Against CAPTCHA

Let’s Not Waste Human Effort

Tuesday, March 13, 2018

Alice, Bob, and Spamuel ¶

When Paul Graham published A Plan for Spam in 2002, spam was mostly an email problem. Email and the entire landscape of online communication has changed deeply, but spam is still with us, both as a problem for email, and as a constraint on the designs of new systems.

The spam problem starts with someone we’ll call Alice, who wants anyone to be able to contact her, and Bob, who wants to contact Alice. Alice sets up a public inbox, which could be an email account, a web form, or many other forms. By “public inbox,” we that anyone can send messages to it, even a potentially anonymous member of the public, and that, like an old inbox tray on a desk, Alice will eventually handle and see every item that is sent to her.

This sounds a bit like putting a bucket in front of your house with a sign that says “all messages will be read!”. For most of us, that would be fine, and we would have no trouble reading the number of messages that we would get, because, among other reasons, not that many people pass in front of our house.

While Alice and Bob’s system still seems to work, a third person now comes along, who we’ll call Spamuel. Spamuel realizes that he can profit by using the system that we have set up in a way we did not intend. By the design of our public inbox systems, we have essentially sold Alice’s attention for nothing. Since there are people willing to pay a non-zero price for that attention, Spamuel can capture the difference.

The Public Inbox Problem ¶

This problem of attention is the “public inbox problem”.
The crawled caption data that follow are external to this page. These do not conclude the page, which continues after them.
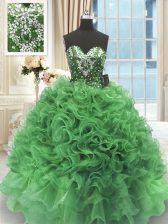  Beading and Ruffles Quinceanera Dress Green Lace Up Sleeveless Floor Length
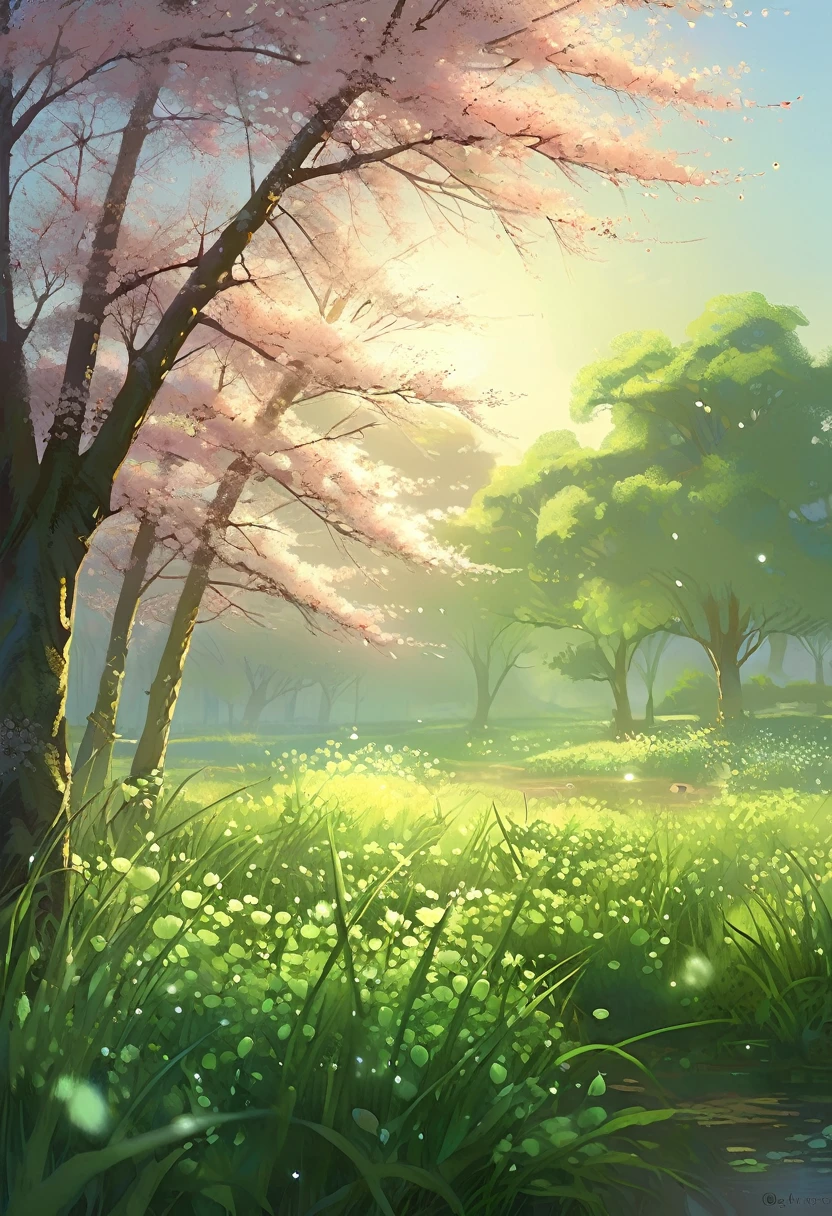 (no characters)Glimmer in the morning. The glimmer of the rising sun in the spring morning shines through the gaps between the leaves.，Create a warm atmosphere。 The rising sun，shed a soft light，Create a peaceful atmosphere in the early morning，The grass is covered with crystal clear morning dew，Feel the refreshing coolness, the shimmer, and the new green buds all have the characteristics and charm of spring.。Early morning sun、The blooming of elegant flowers, a joyful moment on a spring morning, super detailed quality，meticulous，HD super complex，Extremely complex, soft and natural light and shadow , masterpiece,Realistic top works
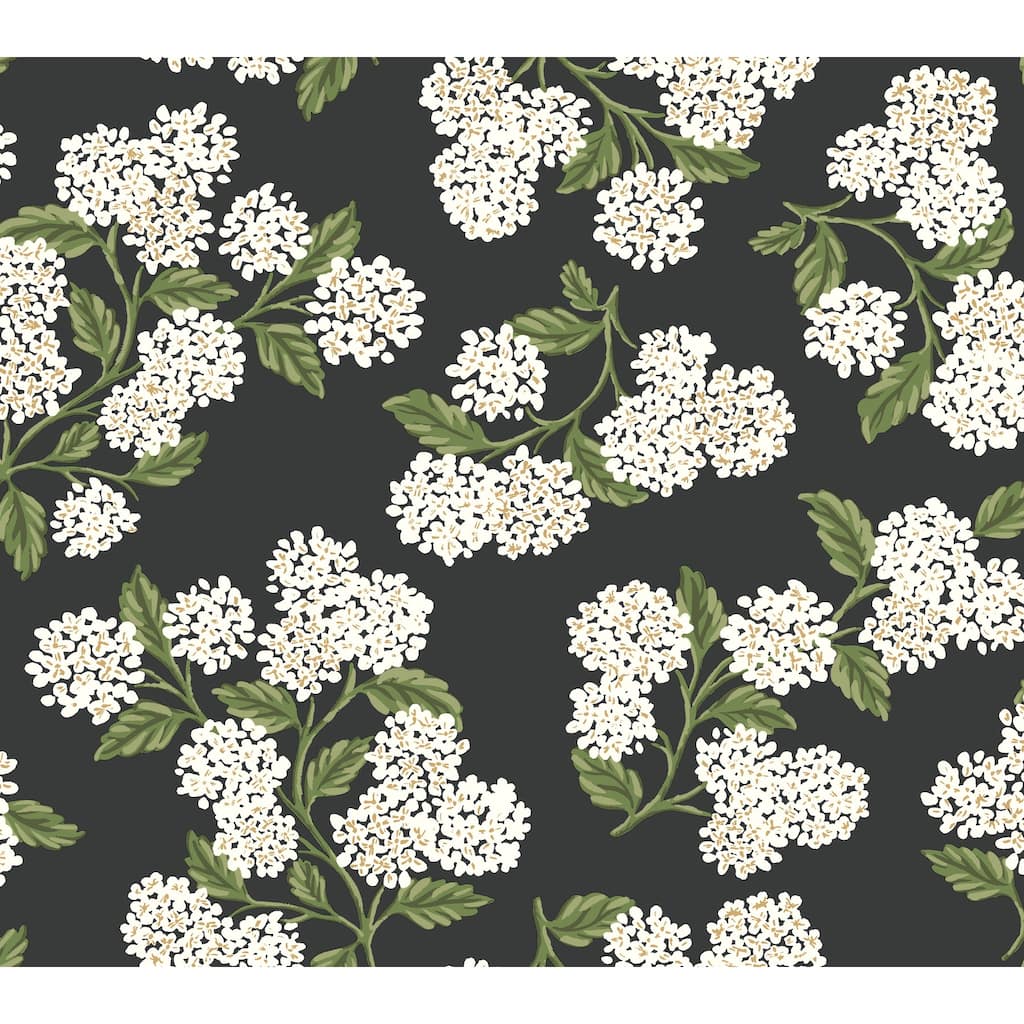 Rifle Paper Co. Hydrangea Black and White Peel and Stick Wallpaper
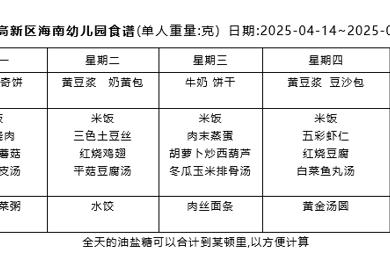 2024-2025学年度第二学期 幼儿食谱 （第十周）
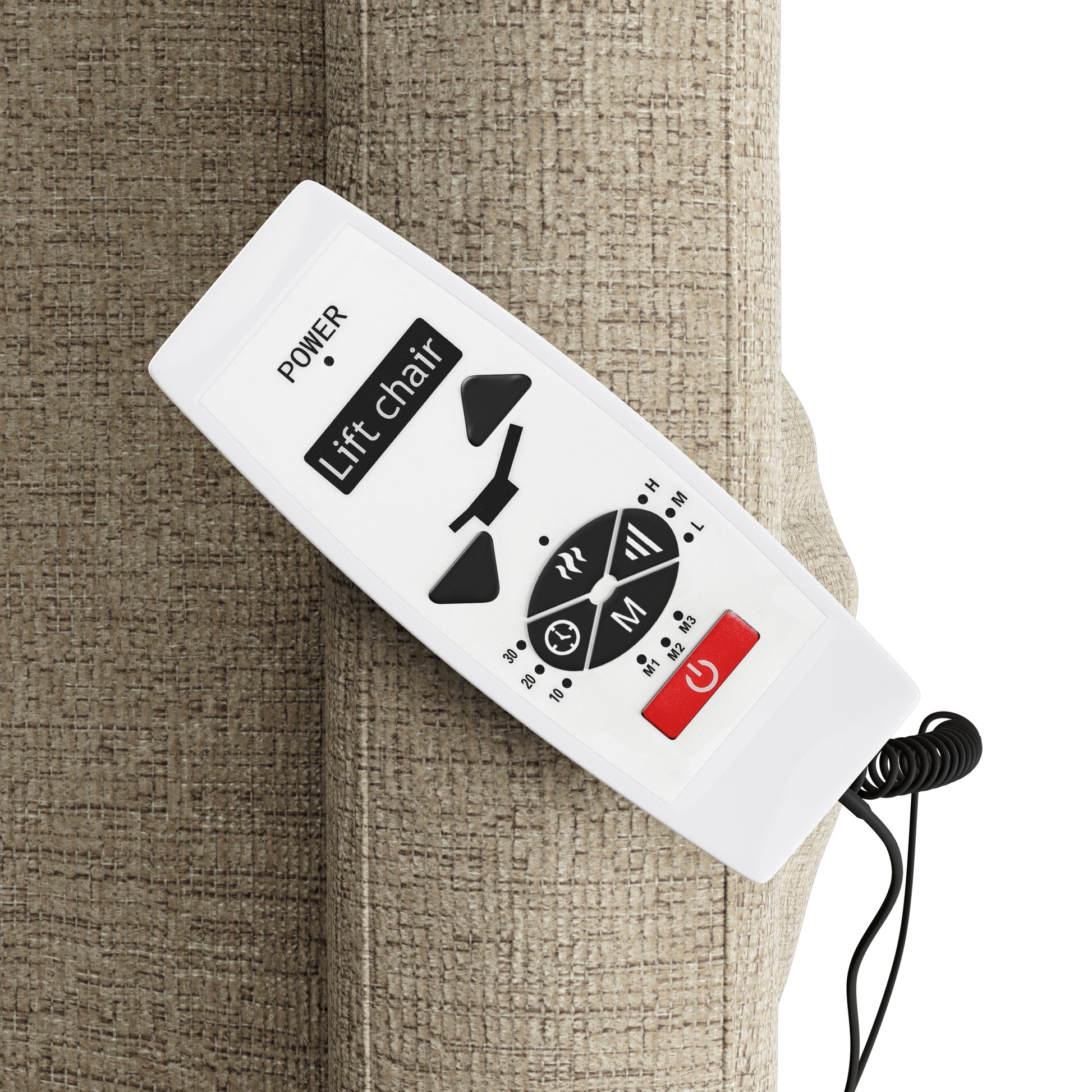 The Sandy Recliner Chair Tan Polyester Power Remote Wood Soft Cushion Back Push Button Fiber Foam Pads Polyester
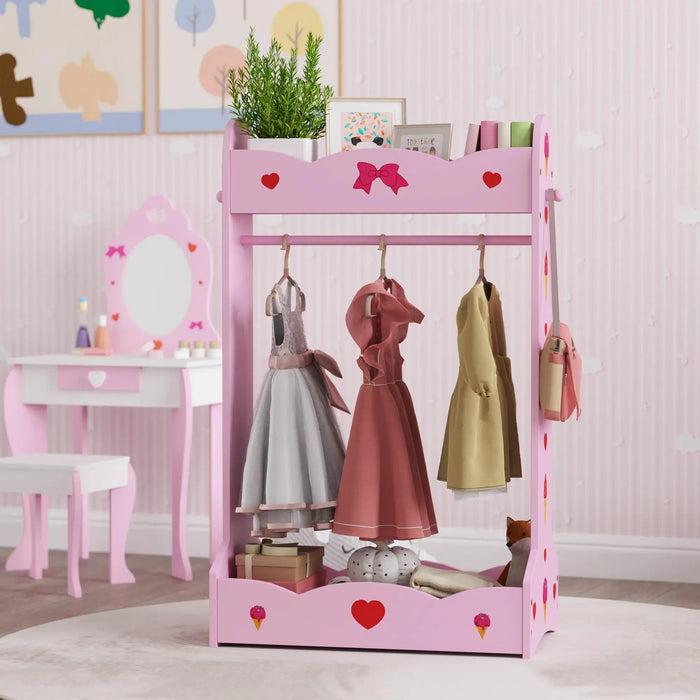 Kids 'Ice Cream' Clothes Rail with 2 Storage Shelves - Little and Giant Explorers AIYAPLAY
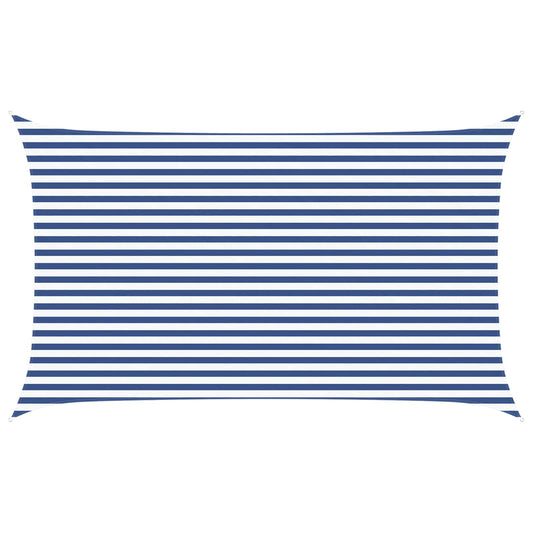 Sunshade Sail Oxford Fabric Rectangular 3x5 m Width 3 m Drop 5 m Blue and white
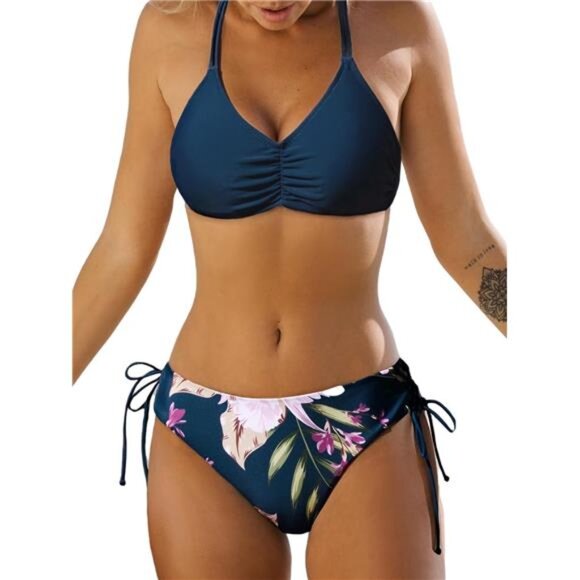 Women's 2 Piece Bikini Set Back Braided Straps with Reversible Bottom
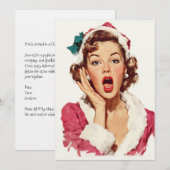 Überraschte Retro-Weihnachts-Pin-Up Einladung (Vorne/Hinten)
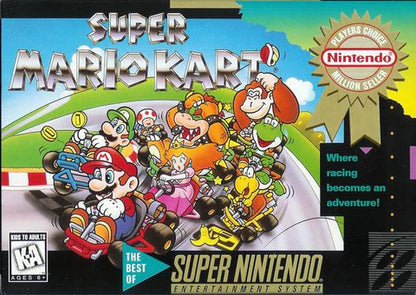 Super Mario Kart Players Choice cover art for Super Nintendo Entertainment System SNES video game
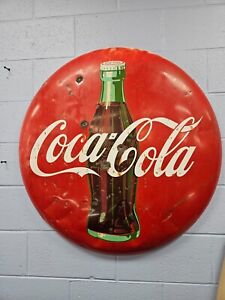Nice Large 36 inch 1956 Coca Cola Button Sign!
The public inbox problem applies to email, online comment sections, web forms intended for commercial inquiries, personal messages sent to public figures or to organizations, companies, or brands, or to anonymous messages intended for any audience. Any system where messages are easy to send and are expected to be read must address this problem.

Initial responses to the spam problem in email came from email service providers, who bore the economic costs of the spam epidemic, and looked for economic solutions such as bulk filtering. False positives were a necessary evil from the service provider’s perspective.

Statistical filtering of the kind Paul Graham described worked well on the spam of the day, but it did not and could not fully solve the problem. Spam still exists as a problem which is only partly solved by large providers, and the partial solutions have all coincidentally further consolidated the email system. Meanwhile, email itself is losing ground to newer systems.

Systems designed since email have dealt with the spam problem in different ways, generally by making sending messages slightly expensive in some way. When the cost is monetary, usually these go to the operator of the system, creating various kinds of perverse incentives. “Walled garden” messaging systems from Facebook to Wechat have largely given up on these properties, which means that anonymous messages are impossible, and doing business through these systems requires the cooperation of the owners of the walled gardens.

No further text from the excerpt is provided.